Remove soybeans from the packet and transfer them to a bowl with water such that the the beans thaw. Also, wash the Arugula leaves and keep them aside.
Knead a soft dough by combining all the ingredients. Cover and rest this dough.
Dry roast besan (gram flour) in a pan on medium heat. Constantly mix with a spatula, or else the flour will burn. Roast for about 5 minutes.
Then, transfer this roasted flour to a plate and keep it aside.
In the same pan, add oil, followed by chopped green chillies, garlic and ginger.
Fry them on medium heat for 1-2 minutes.
Add chopped onion.
Add cumin seeds and asafoetida. Continue frying on medium heat till the onions turn translucent.
Add soybeans, followed by all the spices, namely turmeric powder, red chilli powder, coriander powder, roasted cumin powder, dry mango powder and salt.
Sprinkle some water. Cover the pan with a lid, reduce the heat and let the beans cook. Mix and check in between.
Once the beans are cooked, mash them with a masher.
Add chopped arugula leaves.
Cover and cook for about two more minutes.
Add roasted besan. Mix everything and cook for another 1-2 minutes. Taste and adjust salt.

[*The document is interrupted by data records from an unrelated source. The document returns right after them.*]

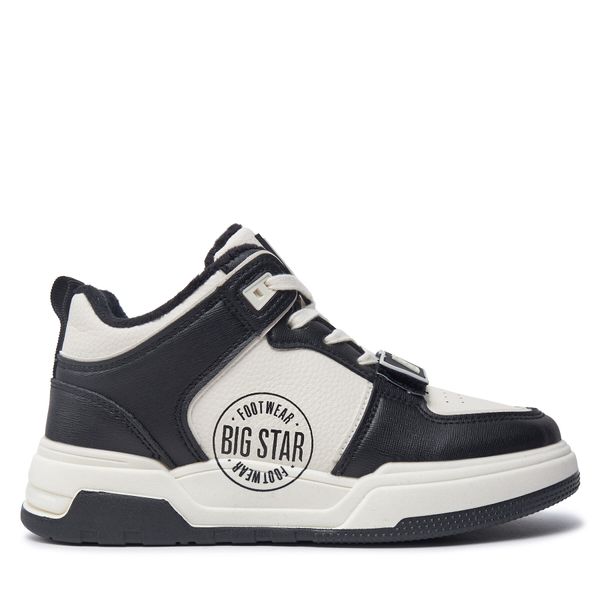 Big Star Shoes Superge Big Star Shoes OO274A158 Črna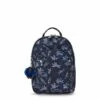 Kipling Seoul S Rugzak Surf Sea -NL Rugzak Verkoopwinkel kpki5357y70 1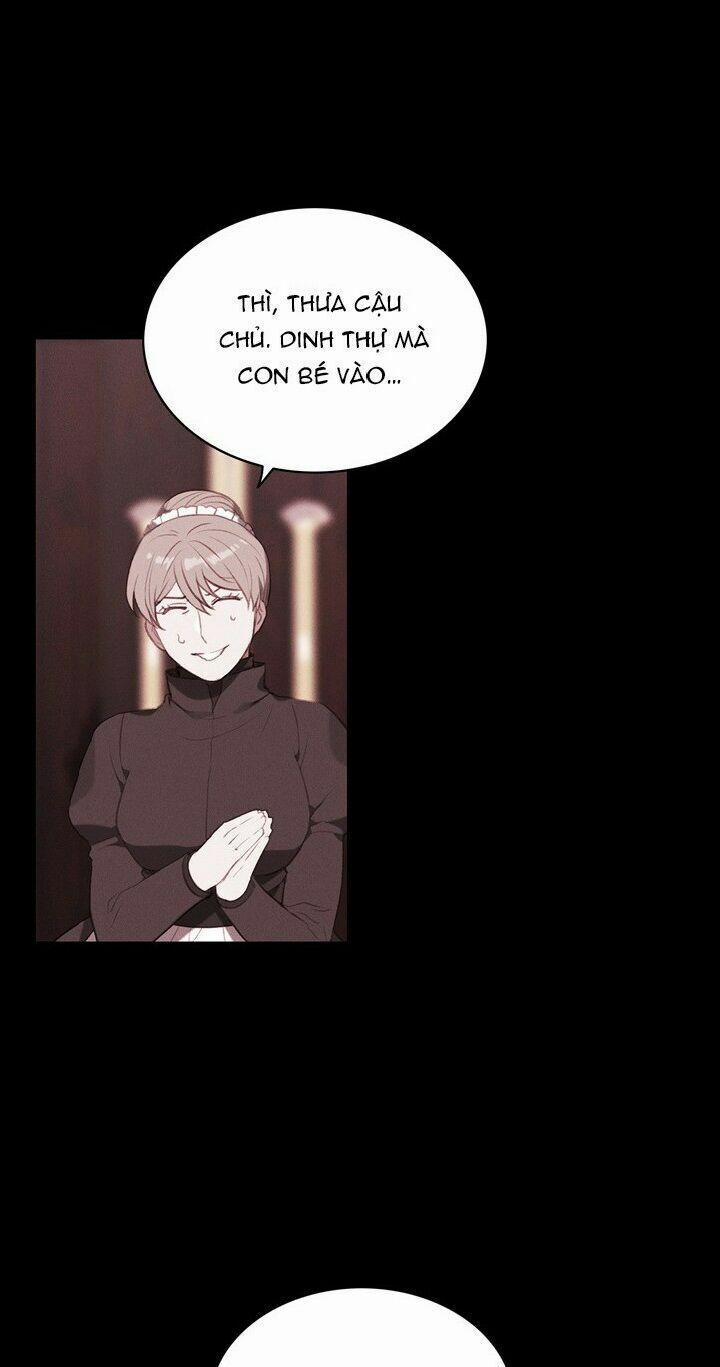 Hóa Kiếp Thành Chị Gái Của Bạo Chúa 64 trang 31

Now, the stuffing is ready. Keep it aside to cool.
Once the mixture cools, divide it into portions.
Knead the rested dough once more. Divide it into portions.
Take a portion of the dough, roll it (use dry flour so that it is easy to roll) and place a portion of the stuffing in between.
Cover the stuffing with dough.
Roll and flatten it.
Place it on a hot pan. Add oil and fry till the parantha becomes crispy.
Serve with butter, pickle and yoghurt.